Business / Auto China

Car price cuts heat up amid market slowdown

By HAO YAN (China Daily) Updated: 2015-05-18 11:19

Car price cuts heat up amid market slowdown

 The largest price cut of 53,900 yuan ($8,687) in the latest round of cuts was to the locally made Chevrolet Captiva. [Photo/China Daily]

Automakers shoulder loss while drivers enjoy benfits

Major automakers started slashing prices on a slew of models in mid-April to shift larger volumes of cars, after sluggish sales in the first four months in the cooling Chinese market.

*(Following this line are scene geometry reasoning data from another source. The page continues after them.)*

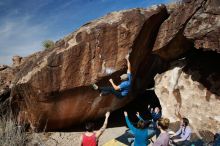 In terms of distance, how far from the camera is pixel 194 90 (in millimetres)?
10617

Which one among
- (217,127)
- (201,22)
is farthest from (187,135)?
(201,22)

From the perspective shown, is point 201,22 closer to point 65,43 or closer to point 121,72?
point 121,72

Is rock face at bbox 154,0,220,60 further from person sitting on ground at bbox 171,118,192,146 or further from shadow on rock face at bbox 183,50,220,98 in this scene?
person sitting on ground at bbox 171,118,192,146

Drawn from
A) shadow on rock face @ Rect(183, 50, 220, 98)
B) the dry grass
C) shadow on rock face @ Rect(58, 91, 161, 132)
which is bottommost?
shadow on rock face @ Rect(58, 91, 161, 132)

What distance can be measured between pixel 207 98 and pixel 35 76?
524 centimetres

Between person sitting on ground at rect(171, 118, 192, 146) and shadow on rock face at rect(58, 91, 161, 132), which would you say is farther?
shadow on rock face at rect(58, 91, 161, 132)

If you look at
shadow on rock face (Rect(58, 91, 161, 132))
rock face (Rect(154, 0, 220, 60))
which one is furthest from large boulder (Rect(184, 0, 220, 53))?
shadow on rock face (Rect(58, 91, 161, 132))

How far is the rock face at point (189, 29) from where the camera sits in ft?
30.9

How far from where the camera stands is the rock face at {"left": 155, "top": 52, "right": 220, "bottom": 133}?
33.3ft

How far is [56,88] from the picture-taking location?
10562 mm

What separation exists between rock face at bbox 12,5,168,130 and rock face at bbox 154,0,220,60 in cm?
55

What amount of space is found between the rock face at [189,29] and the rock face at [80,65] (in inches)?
21.8

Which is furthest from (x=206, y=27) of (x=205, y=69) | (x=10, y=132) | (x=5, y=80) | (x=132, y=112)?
(x=5, y=80)

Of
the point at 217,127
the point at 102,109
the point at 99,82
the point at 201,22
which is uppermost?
the point at 201,22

The latest move was by Ford China who announced 40,000 yuan ($6,450) off the suggested retail price for its imported Ford Explorer SUV on Friday. The largest price cut of 53,900 yuan was made to the locally made Chevrolet Captiva by Shanghai General Motors, which marked down 40 versions of 11 models, including Cadillacs.

Shanghai Volkswagen declared cuts of up to 10,000 yuan on manufacturer's suggested retail prices for several models.

FAW Volkswagen slashed prices of its entire lineup with cuts of up to 7,800 yuan.

Beijing Hyundai offered to waive consumer loan interest for as long as three years for buyers, a move that followed on the heels of Chang'an Ford, which offered to cover buyers' 10 percent purchase tax of up to about 30,000 yuan.

KPMG China Partner and Head of Automotive Danny Le said: "The downfall of pricing is the deflation of hype. This is a correction in the market which is maturing."

The country's passenger car sales totaled 8.14 million units in the first four months, with 2.77 percent year-on-year growth. It plunged from 10.5 percent during the same period last year, according to industrial statistics.

Thomas Callarman, director of China Europe International Business School Centre for Automotive Research, said, "The price cut is a practice to stimulate demand and to maintain certain volumes."

Shanghai GM's sales plummeted 17.43 percent year-on-year in April and a 4.98-percent drop was seen in the accumulated sales of the first four months, according to a monthly report filed by its parent company SAIC Motor Corp.

Jia Xinguang, senior analyst with the China Automobile Dealers Association, said, "The previous MSRP cannot be maintained amid the market growth slowing down."

Shanghai GM said, "The new price scheme would make the prices more competitive and products more appealing, on the basis of customer insight and market orientation."

Callarman said manufacturers and dealers would all benefit from the price slashes but consumers would benefit the most.

"The carmakers move the cars out of inventories; the dealers cut their costs and become more profitable; the consumers afford better cars at lower prices," he said.